As it happened, the principal had her sit in another room while she "investigated the facts" by questioning other students. When her father asked what infraction of school policy she was guilty of, the principal didn't know yet. When he asked what her 'punishment' might be he was told it might be anything from an in-school suspension to expulsion she couldn't say yet. Her father asked that he be called and given that information after it was decided and the principal agreed.

It seems that when being teased (bullied) repeatedly for being silly(?) weird(?) the boy suggested she had to be on drugs to act like that. We teach our children not to tattle. We teach them to joke when teased because THEY will stop teasing when they see it doesn't bother you. That's what she did.

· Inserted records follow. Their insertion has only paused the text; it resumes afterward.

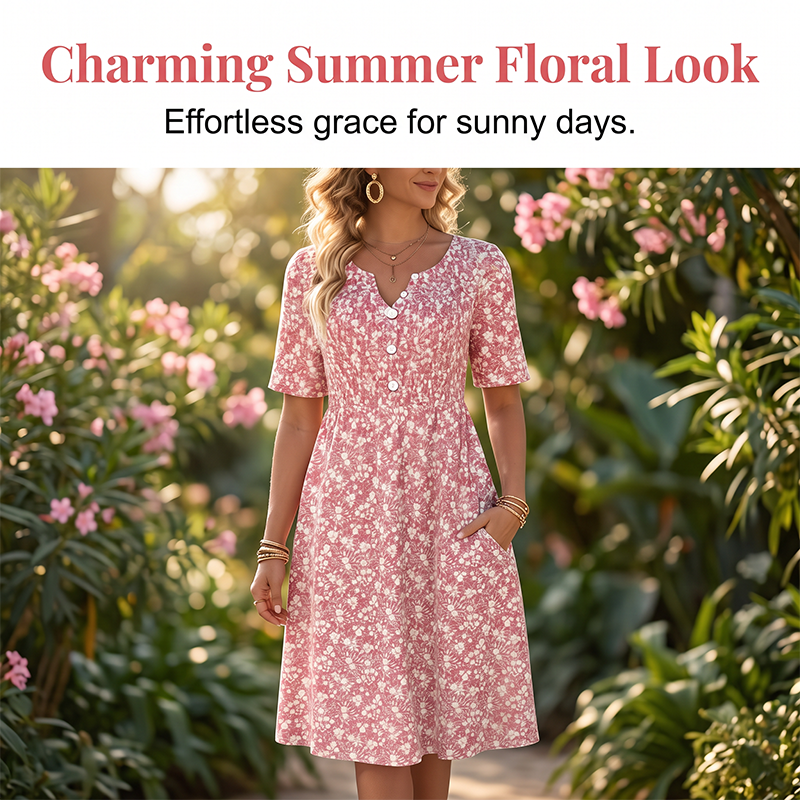 🌸 50% DE RÉDUCTION ! 👗 Robe Imprimée Décontractée à Col V avec Poches pour Femme – Tissu Premium Doux, Imprimé Floral Charmant & Poches Latérales – Idéale pour le Quotidien et Toutes les Saisons ✨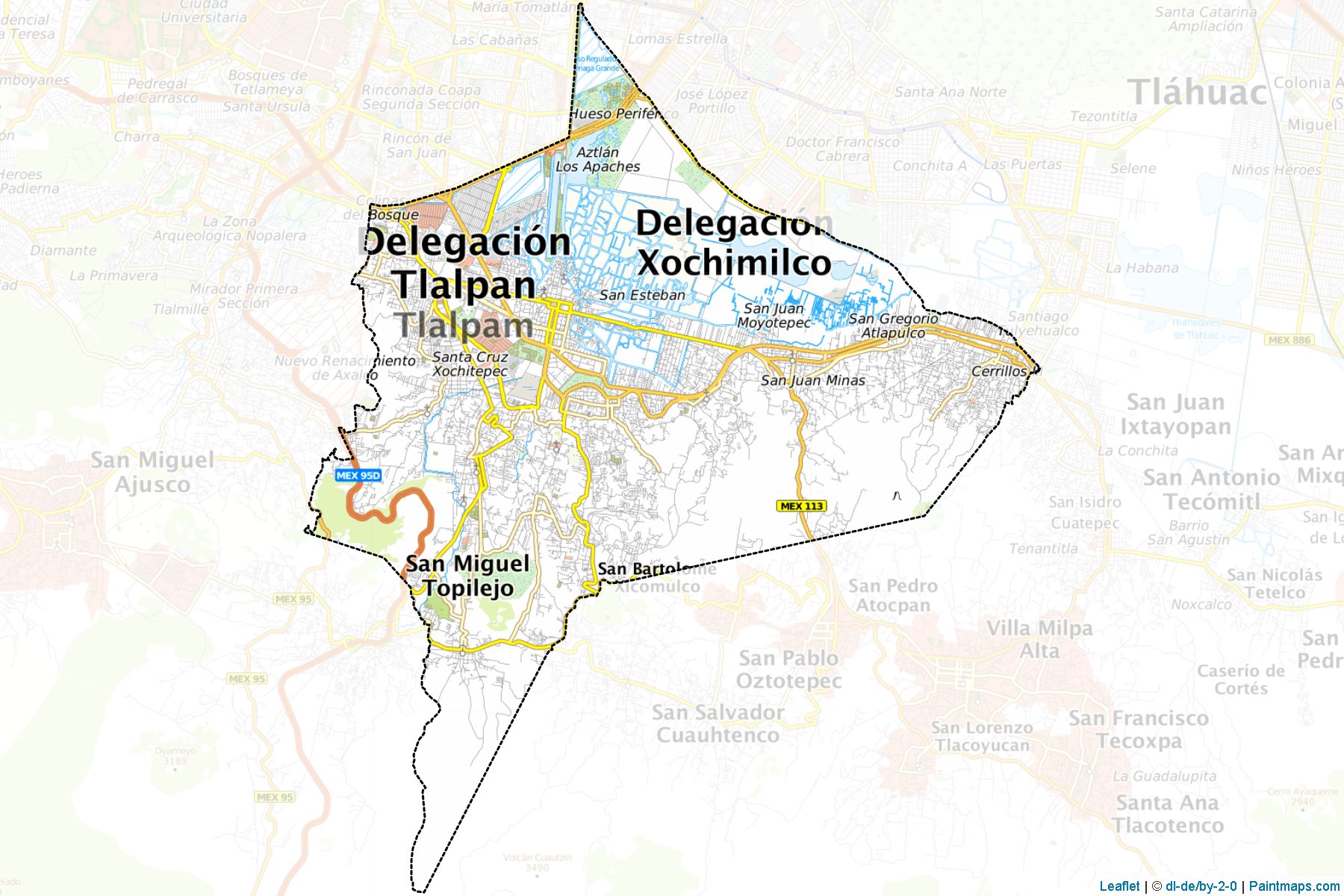 Xochimilco (Ciudad de México) Map Cropping Samples-1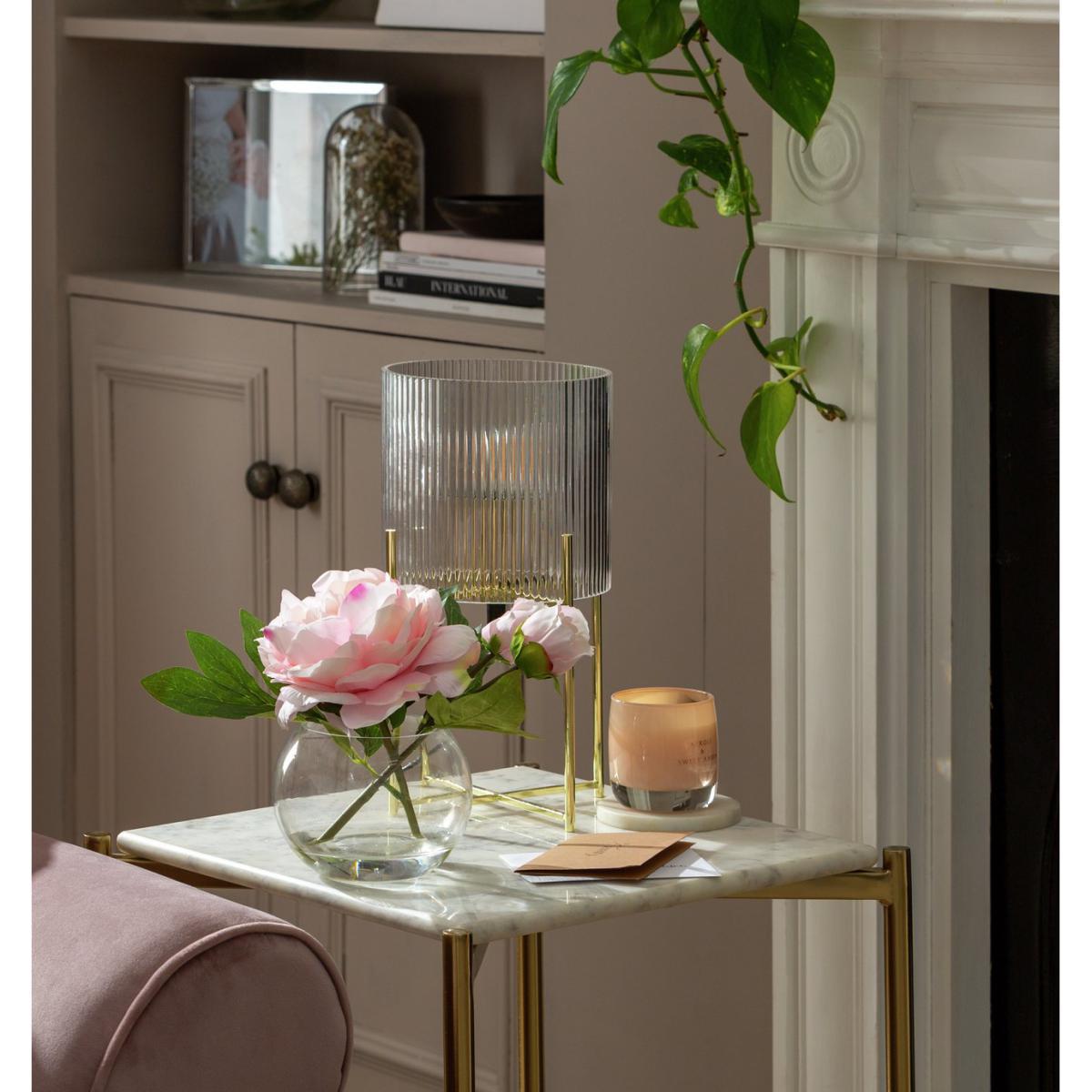 Habitat Floral in Round Glass Vase - Pink – image 2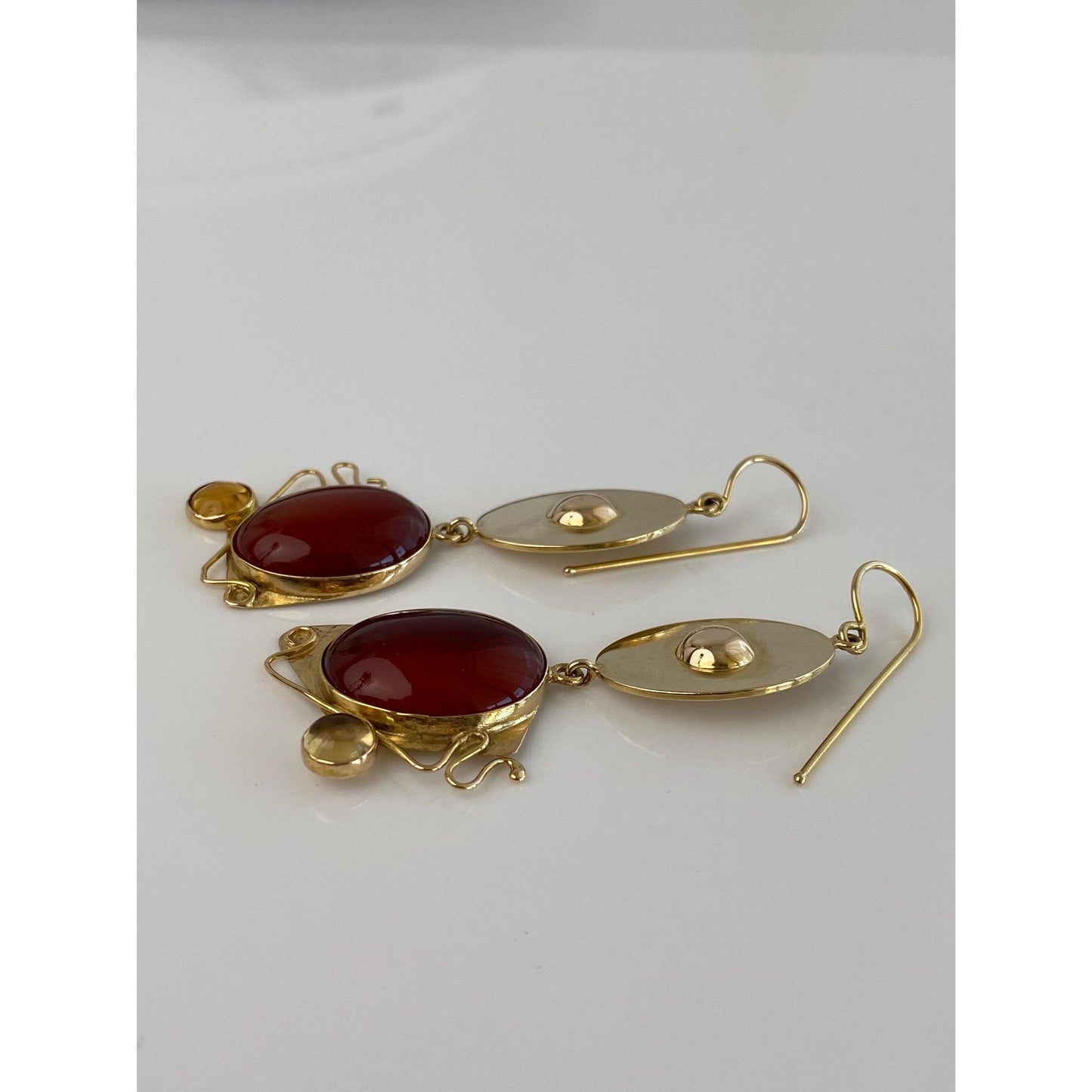 Vintage Solid 14k Yellow Gold Carnelian Citrine Dangle Earrings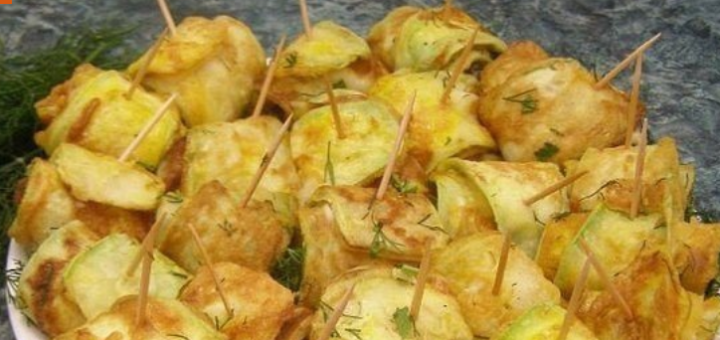 Популярная закуска  — Жареные кабачки «Тещин язык» с помидорами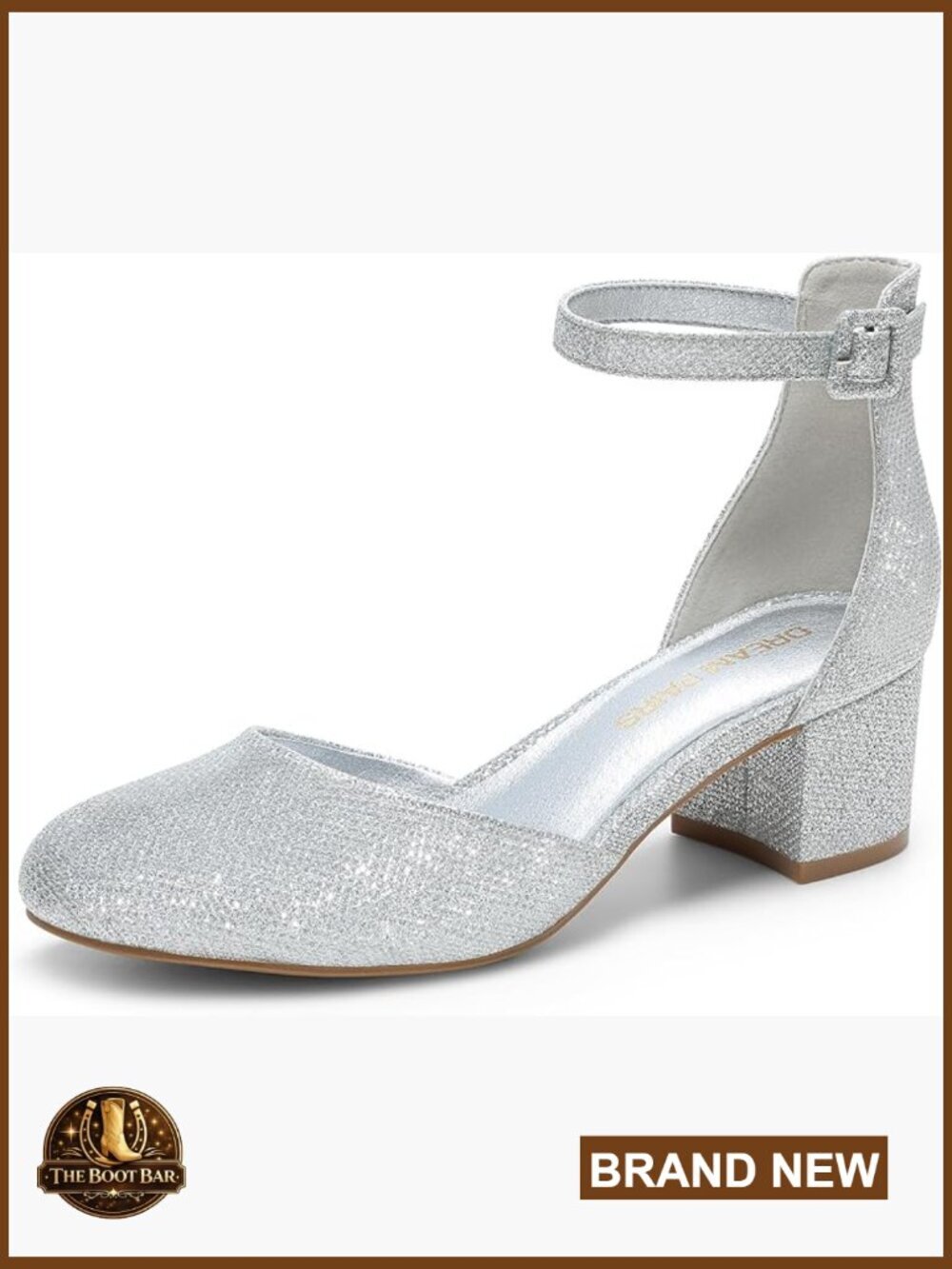 Women's Chunky Heel Ankle Strap Pumps - Round Toe Low Block Heel Dress Shoes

She said, "Yes", as contrary as ever.

As far as we know, there were no drugs found. No one had seen her with drugs. No one had seen her take drugs. No one had been given or offered drugs from her. Yet everyone questioned KNEW she used them. They had all been told she did by the same person, the bully.

It must have taken the principal the whole day to "collect" her facts, because as far as Gypsy knew she sat the whole day waiting to answer possible new questions. She was not told this was her in-school suspension. Her father was not called regarding the infraction or reprimand. Nevertheless, at day's end, the principal announced that this day spent in the waiting room would be her punishment -- in other words -- time served.

What did Gypsy learn from this other than that lies spread get one child praise and another humiliated, yelled at, and punished(?) without ever being told what school rule they violated. I guess the official decision was "Interfering with the learning of others." for lack of something better.

As an aside, there is nothing in the student handbook that outlaws what students talk about while outside waiting for the bus where this supposedly happened (and not a lot of learning going on either), while there is something about bulling and spreading rumors.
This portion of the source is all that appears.